Michelangelo Merisi, known as Caravaggio (name taken from the Lombard town that gave him his birth), was born on 29 September 1571 from an architect in the service of the Marquis of Caravaggio, Francesco Sforza. Caravaggio’s paintings demonstrate an exceptional sensitivity in the observation of the physical and emotional human condition, accentuated by the great loyalty to the live model and the scenographic use of light, considered at the time revolutionary characteristics in total contrast to the Raphaelesque academic practice.
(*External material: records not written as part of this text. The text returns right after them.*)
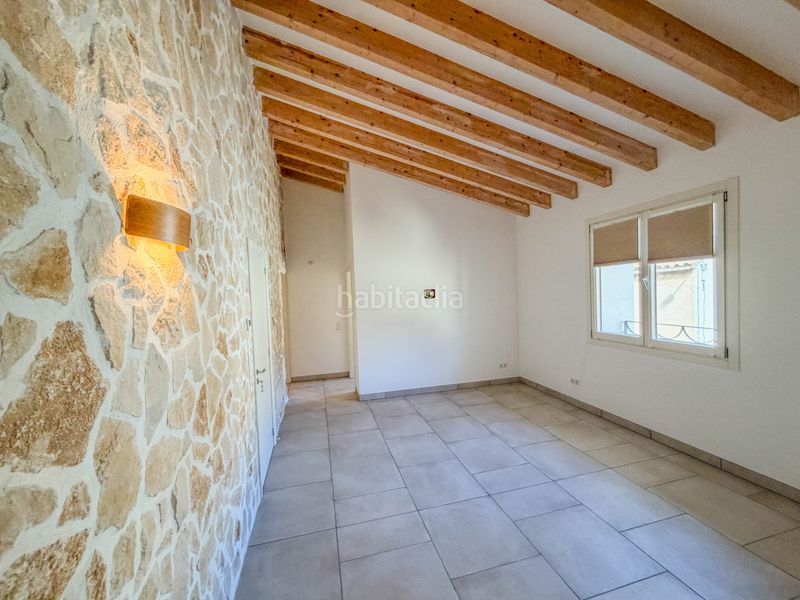 Foto e2eb9616-2efc-456d-8b6b-764b5cf020e8. Maison dans Llucmajor - carrer de la font dans Llucmajor interior Llucmajor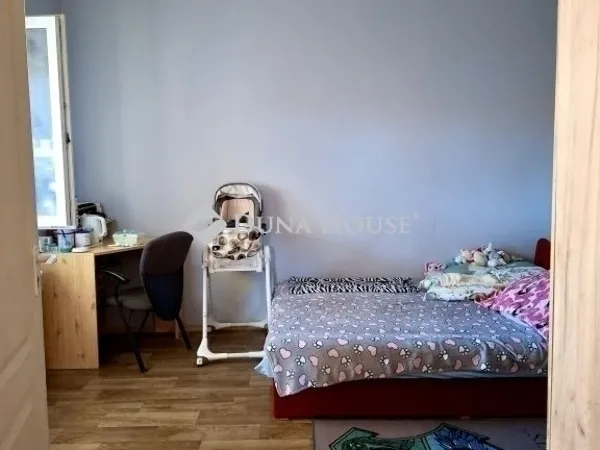 Eladó ház Üllő 99 nm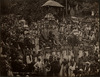 3802-Thumbnail Image.jpg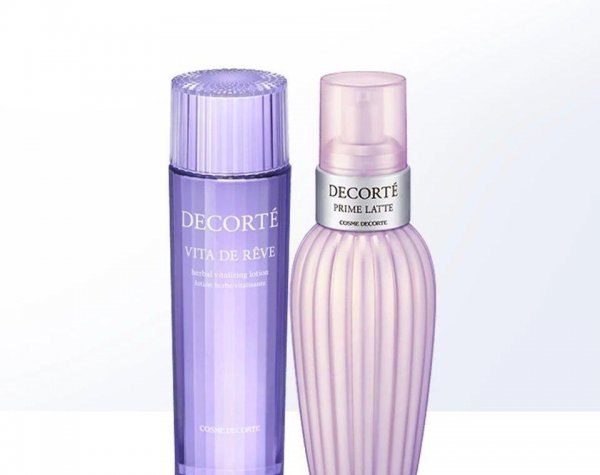 先水后乳和先乳后水的区别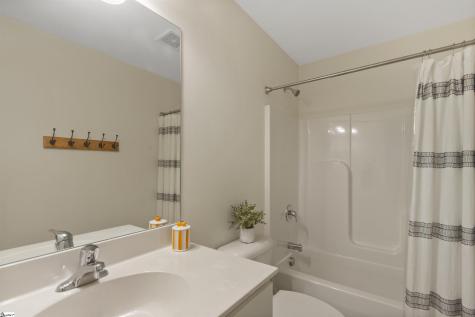 2900 Highway 187 South Anderson SC 29624
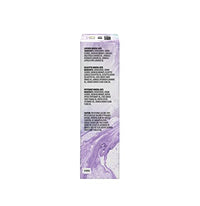 Thumbnail for Image 3 of Aura Cacia Mineral Bath Kit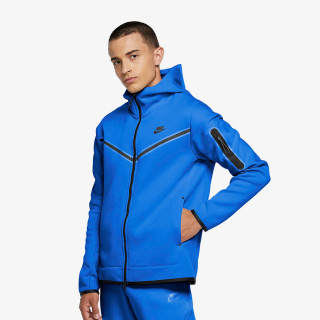 Nike Sportswear Tech 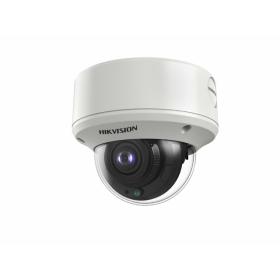 HIKVISION DS-2CE59H8T-AVPIT3ZF(2.7-13.5 mm)
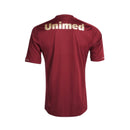Fluminense Terceiro 12/13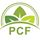 PCF Feed Industries.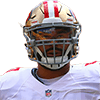 Michael Wilhoite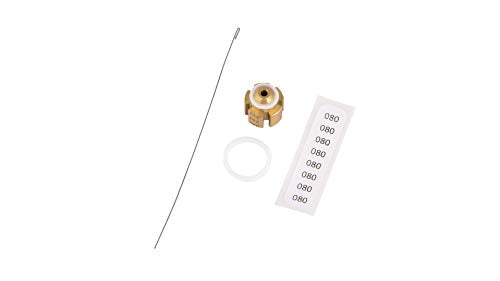 LENNOX 10W86 DUCT ECONOMIZERS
Particularly restless soul, in his short life Caravaggio faced serious vicissitudes. Among his most evocative works, we have chosen to present the painting “Amor vincit omnia”, a painting commissioned by the Marquis Vincenzo Giustiniani for 300 scudi. Amor vincit omnia
Amor Vincit Omnia is an oil painting on canvas (156 × 113 cm) made between 1602 and 1603. It is kept in the Gemaldegalerie, one of the museum collections making up the Staatliche Museen in Berlin. The title derives from the Latin phrase “Omnia vincit amor”, “Love triumphs over everything”. From an iconological point of view, the painting represents the victory of love over the arts, recognizable here in the score, in the books and in the musical instruments at the child’s feet.
As a model, I pose Caravaggio’s favorite boy, Cecco Boneri. The painting immediately became, together with the Lute Player, the most beautiful and most famous painting in the Giustiniani collection. Iconography of Caravaggio’s work
In the eagle wings worn by Love, it is possible to see those that Orazio Gentileschi, a painter friend of his, soon went to Merisi and of which he speaks in his deposition at the Baglione trial. The model, taken “from nature”, was a boy, a Roman brat who lived with the same painter and who was perhaps his lover.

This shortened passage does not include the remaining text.